Im Streitfall kann der Senat die von den Klägern begehrte Entscheidung über die Nachversteuerung der Zinsen im Revisionsverfahren nicht treffen. Aufgrund des Änderungsbescheids vom 30. März 1988, den der Kläger zum Gegenstand des Verfahrens erklärt hat (§ 68 FGO), ist zwischen den Beteiligten ein neuer Streitpunkt (Nachversteuerung von Einkünften aus Kapitalvermögen) geschaffen worden, der nicht spruchreif ist, weil er bisher noch nicht Gegenstand des finanzgerichtlichen Verfahrens war, so daß das FG dazu keinerlei tatsächliche Feststellungen treffen konnte.

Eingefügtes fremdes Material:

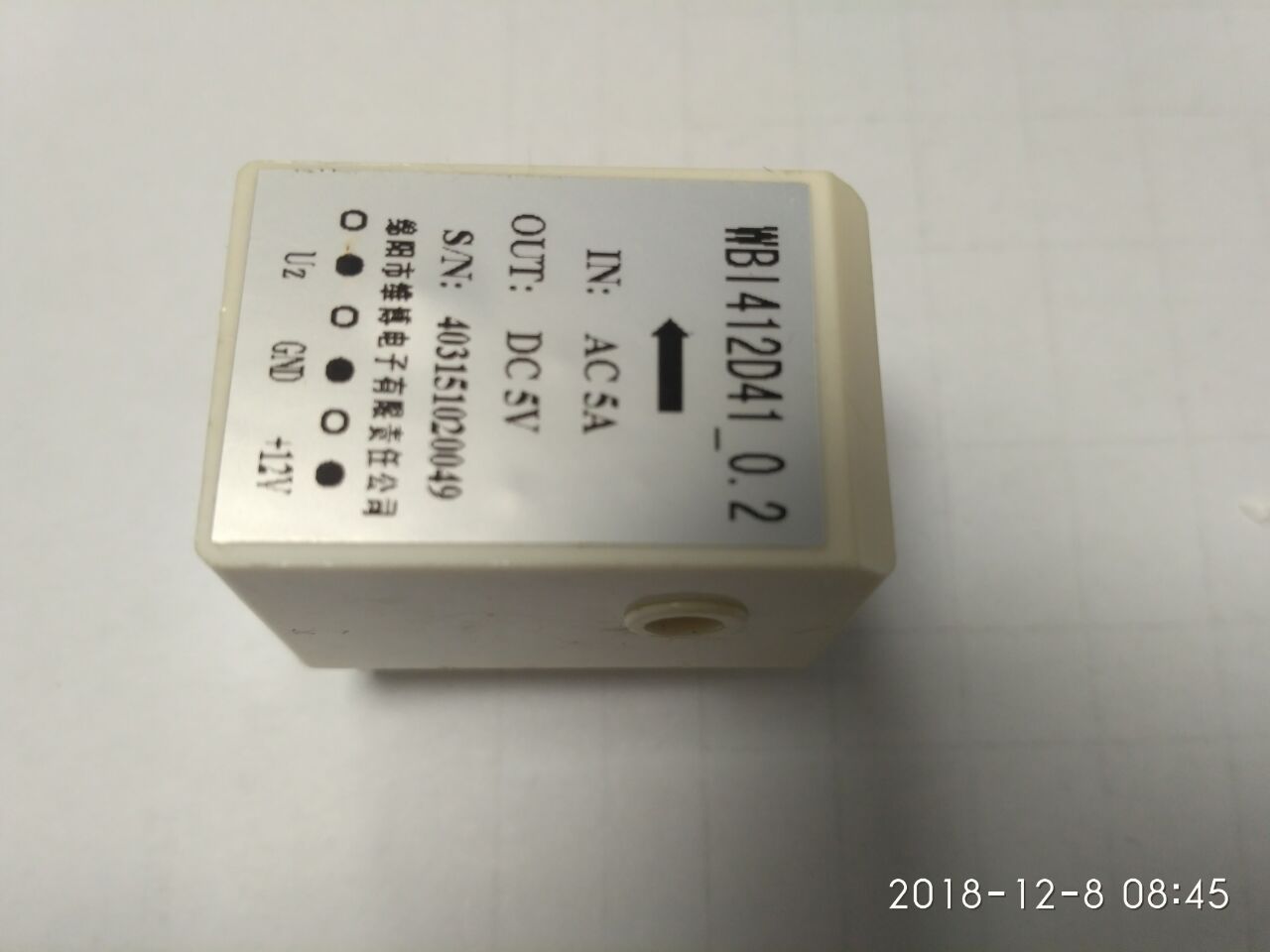 WBV411D07 V411D07 WBV412D01 V412D01 WBV413D01 WBI413D41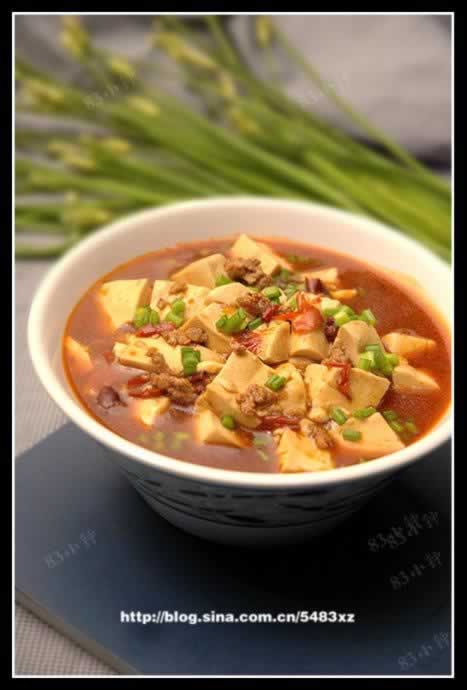 ���Ŷ������������ز�-���ˣ�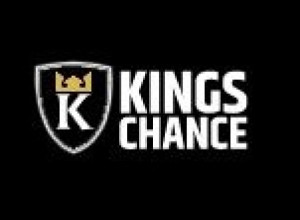 Kings Chance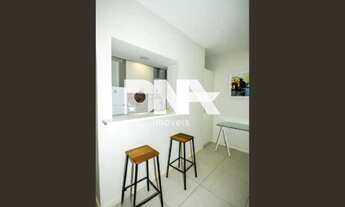 Imagem 6: Apartamento-À VENDA-Copacabana-Rio de Janeiro-RJ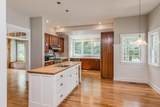 1091 Tulloss Rd - Photo 19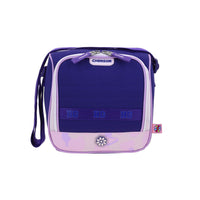 Lonchera Escolar Termica Chenson Happy Girl FORS HG71014-U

Über diesen Punkt wird das FG ohne Vorverfahren in der Sache zu entscheiden haben (vgl. BFH-Urteil vom 26. Oktober 1973 VI R 144-145/70, BFHE 110, 401, BStBl II 1974, 34).
c) In bezug auf den ursprünglichen Streitstoff, d. h. die Frage, ob die geltend gemachten Renovierungskosten Betriebsausgaben bzw. Werbungskosten darstellen, hat der Senat - vor Kenntnis über den zusätzlichen Streitpunkt - bereits in der Sitzung vom 26. Februar 1991 beraten und die Revision einstimmig für unbegründet gehalten. Die Beteiligten wurden darüber unterrichtet. Dennoch ist der Senat gehindert, insoweit abschließend zu entscheiden. Zwar kann der BFH, wenn ein Änderungsbescheid Verfahrensgegenstand geworden ist und deshalb nur ein Teil des Streitstoffs spruchreif ist, über den spruchreifen Teil in der Sache entscheiden und nur den nicht spruchreifen Teil nach § 127 FGO zurückverweisen (BFH in BFHE 110, 401, BStBl II 1974, 34; Beschluß vom 8. November 1971 GrS 9/70, BFHE 103, 549, 554, BStBl II 1972, 219; Gräber / Ruban, Finanzgerichtsordnung, 2. Aufl., § 127). Dies setzt jedoch voraus, daß es sich um einen selbständigen Teil des Streitgegenstandes handelt (Geist, Finanz-Rundschau 1989, 229, 235; Tipke / Kruse, Abgabenordnung-Finanzgerichtsordnung, Stand: November 1991, § 127 FGO Tz. 3; Kühn / Kutter / Hofmann, Abgabenordnung / Finanzgerichtsordnung, 16. Aufl., § 127 FGO Anm. 2). Daran fehlt es. Zur Zeit kann über die Steuerfestsetzung in dem angefochtenen Einkommensteuerbescheid insgesamt nicht abschließend entschieden werden. Solange über die Einkünfte aus Kapitalvermögen Unklarheit besteht, ist wegen der Tarifprogression auch die einkommensteuerliche Auswirkung der streitigen Aufwendungen für die Zimmerrenovierung der Höhe nach nicht abschließend zu ermitteln.